Broad, who was to take charge of the planned Test between Pakistan and Sri Lanka in Lahore, was forced to take cover in his vehicle for ten minutes until it was retrieved by Pakistani police.

Notts and England bowler Stuart Broad spoke with his dad on the telephone shortly after the incident.

“He was sitting behind the driver and as soon as it all started he dived on to the floor,” said Stuart.

“It was one of those vans where you could lie down between the seats in the aisle and he was lucky not to be shot. Your heart goes out to the families of those who were.

“Dad said that the police fought the attackers off and once it had all died down he was driven to safety. He said it was the worst moment of his life and he was scared to his wits' end.”

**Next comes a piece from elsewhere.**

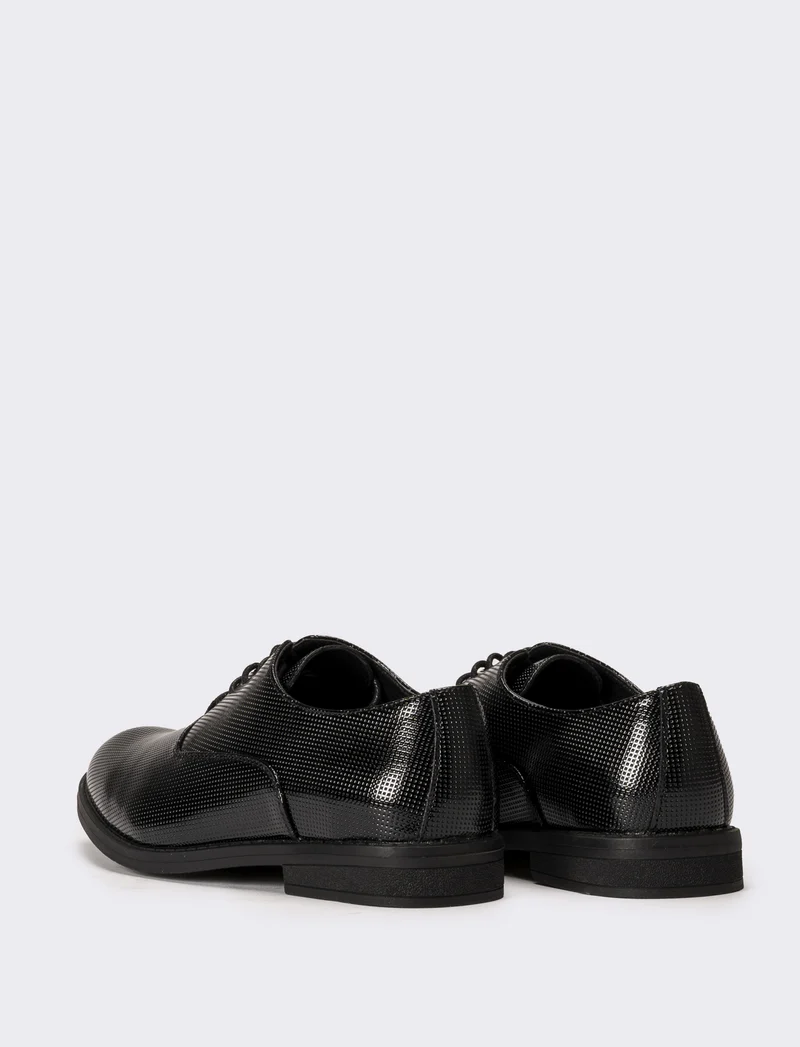 Scarpa Derby da uomo - Nero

 Nottinghamshire County Cricket Club Chief Executive Derek Brewer expressed his condolences to the families of the victims of the attack.

“The first thing I must do is to add my condolences and sympathies to those caught up in this horrific incident,” he said.

“Nottingham is a sporting city and Nottinghamshire a sporting county and it is inconceivable that cricket has been targeted in this way.

“Whenever we run a major event at Trent Bridge we make detailed plans and for ICC World Twenty20 that planning started as soon as we won the right to host the tournament.

"A fundamental part of that planning involves a security plan and Sir John Evans, who has a wealth of experience in this field, has been appointed to take charge of security for the event.

“Sir John is working very closely with governments and governing bodies as well as local authorities and police in connection with the plan and it has been stated that it will be flexed to ensure that it is in accordance with the threat levels pertaining at the time of the event.”